Over the last month I’ve attended a couple of conventions related to my work as a writer on pop-culture. A couple of conversations at those conventions made me realize that the worlds of commercial publishing and technical publishing may be closer than I had at first thought.
At the first convention in San Diego at the end of July I was talking to an editor about adapting my Beatles book into a graphic novel format. But what really caught my attention was that he wanted the story told in a non-linear format.
Then last week at a literary convention here in Austin there was a general discussion about the future of story telling for the NET-generation and how could hard copy books compete. Ideas around novels written in blog, wiki, or e-mail formats were banded around. Then that phrase “non-linear” popped up again.
Further conversation revealed that for most of the people in the discussion, “non-linear” meant breaking down the overall narrative into smaller chunks that could then be presented in different orders. Each chunk would be self-contained but when assembled made an different reading experience. Heck you could even reuse some chunks to build different narratives.

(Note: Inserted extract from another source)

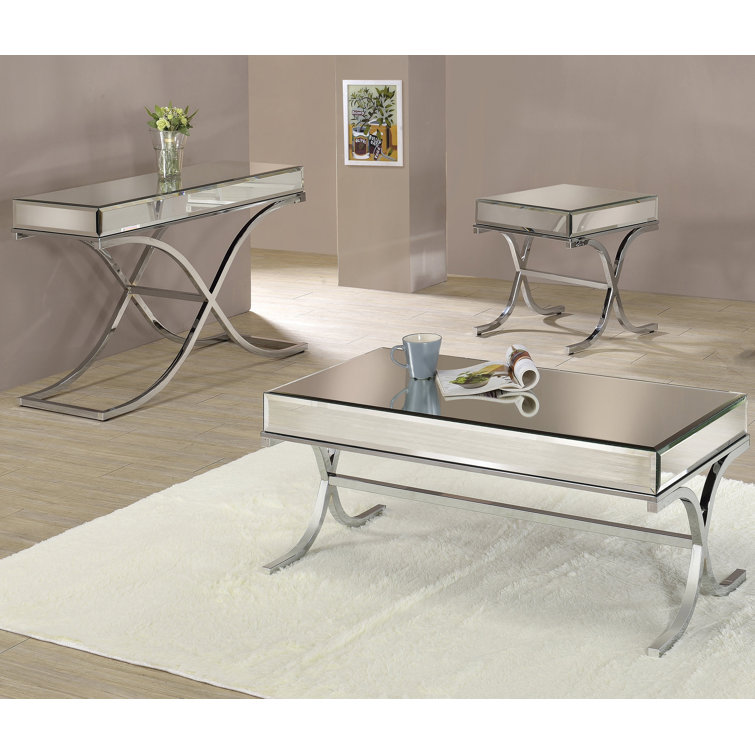 Yuri 21" Chrome Finish Mirrored Metal End Table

This, I thought, is sounding familiar. So I “switched hats” and started to explain the concept and ideas behind DITA to the literary crowd.

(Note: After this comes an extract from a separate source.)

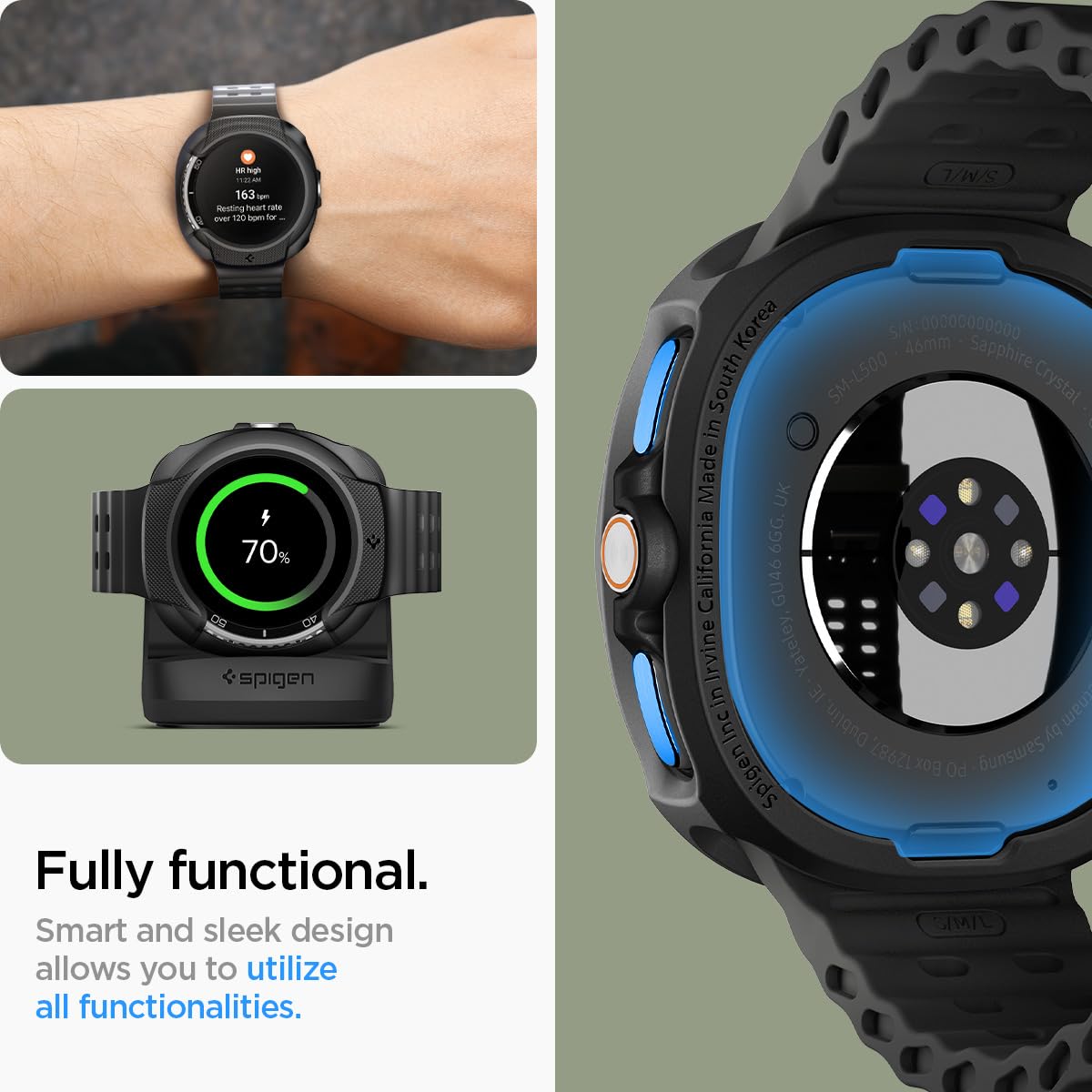 Spigen Liquid Air sensor area alignment — preserves heart rate and BIA measurements benefit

I will admit I’m a late convert to DITA. I’ve been around structured authoring for many years, I was even part of the group that developed one of the first topic based authoring systems and standards. When I first heard about DITA, I didn’t think it was anything new, just a new flashy label for well proven concepts.
But DITA caught the imagination of the technical publishing industry, and the rate of acceptance and adoption made me realize that there was “something” about DITA that allowed for an almost “instinctive” understanding of its concepts and application.
Then I started to play around with DITA, even write a few documents using it, and I was convinced. Sure it may not suit everyone or every project, but it is definitely a large part of the industry’s future.
Which brings me back to the conversation at the convention.
I finished my explanation of DITA and how a topic is broken down into three parts, Concept., Procedure and Reference, when one of the editors paused, thought a second, and came back with:
“So each topic is just like the traditional three act story structure – it has a beginning, a middle and an end.”
That’s the moment the cartoon light hovering above my head switched on. Perhaps the secret to DITA’s success is not only the great technical and business benefits it brings, but that it is also recognizable on an instinctive level.
Using DITA allows technical communicators to simply tell a story.